**SUPPLIED MATERIAL:**

============================================================

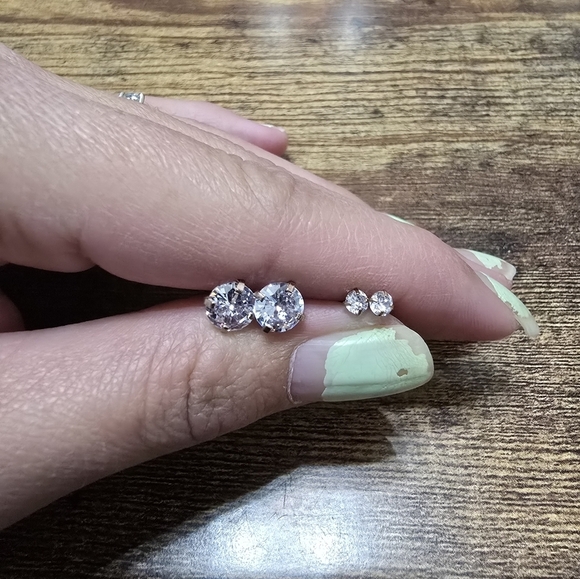 2 pairs of rhinestone gold tone twist on back stud earrings - Picture 3 of 5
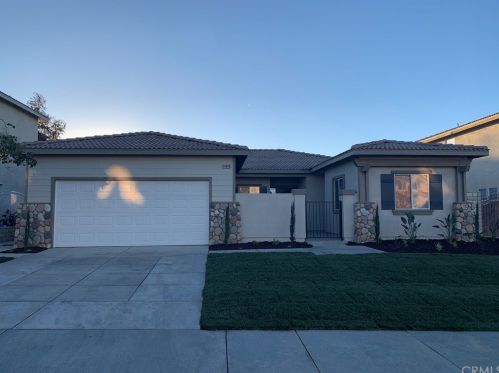 14940 Leaf Ln, Victorville, CA 92394-7520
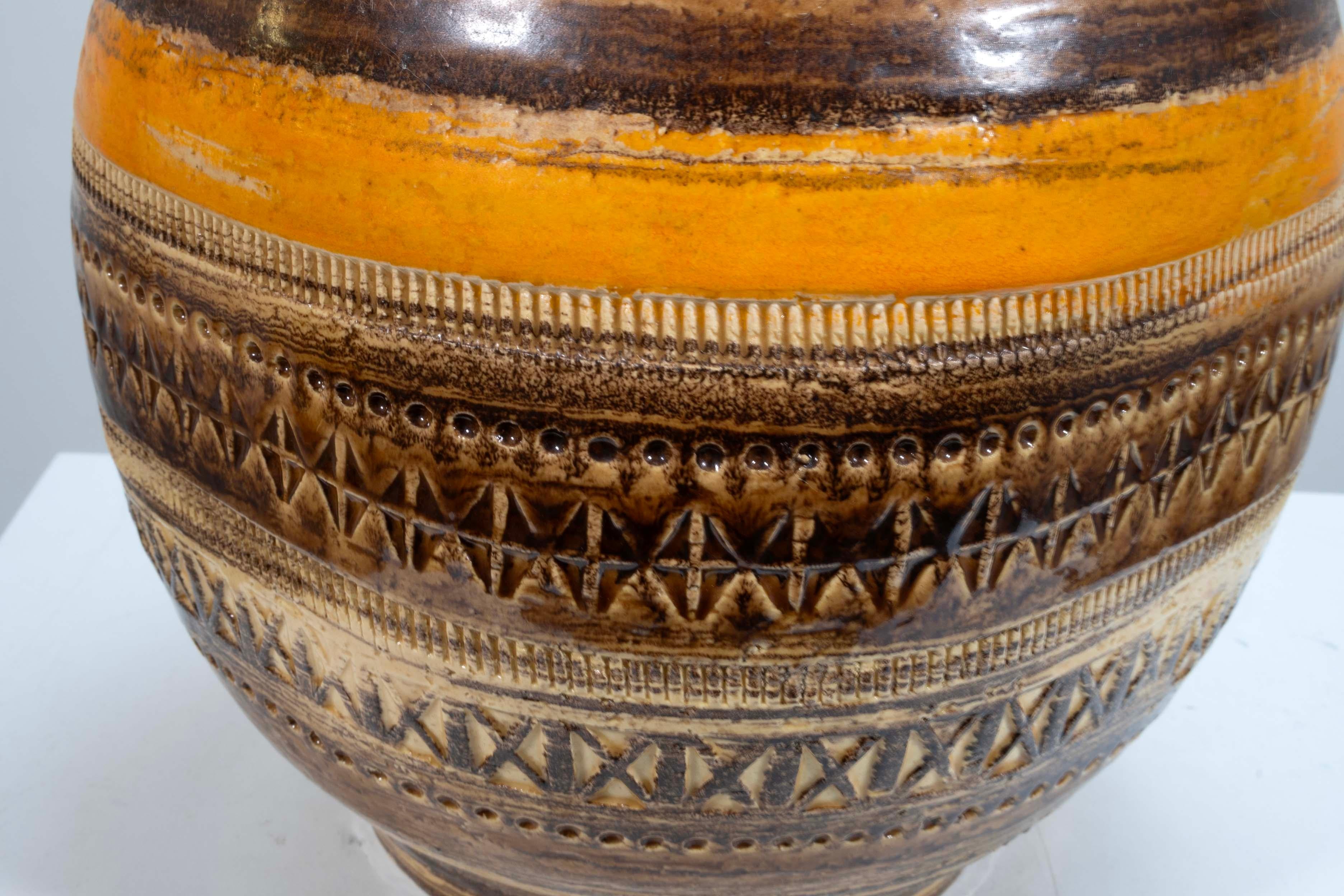 Rimini Sahara Bitossi Ceramic Pottery Vase for Raymor Mid Century Modern In Good Condition In Keego Harbor, MI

============================================================

**WHAT THIS TASK INVOLVES:** From the material above, copy everything exactly but the pictures.

**WRITTEN REPLY:**
 2 pairs of rhinestone gold tone twist on back stud earrings - Picture 3 of 5
 14940 Leaf Ln, Victorville, CA 92394-7520
 Rimini Sahara Bitossi Ceramic Pottery Vase for Raymor Mid Century Modern In Good Condition In Keego Harbor, MI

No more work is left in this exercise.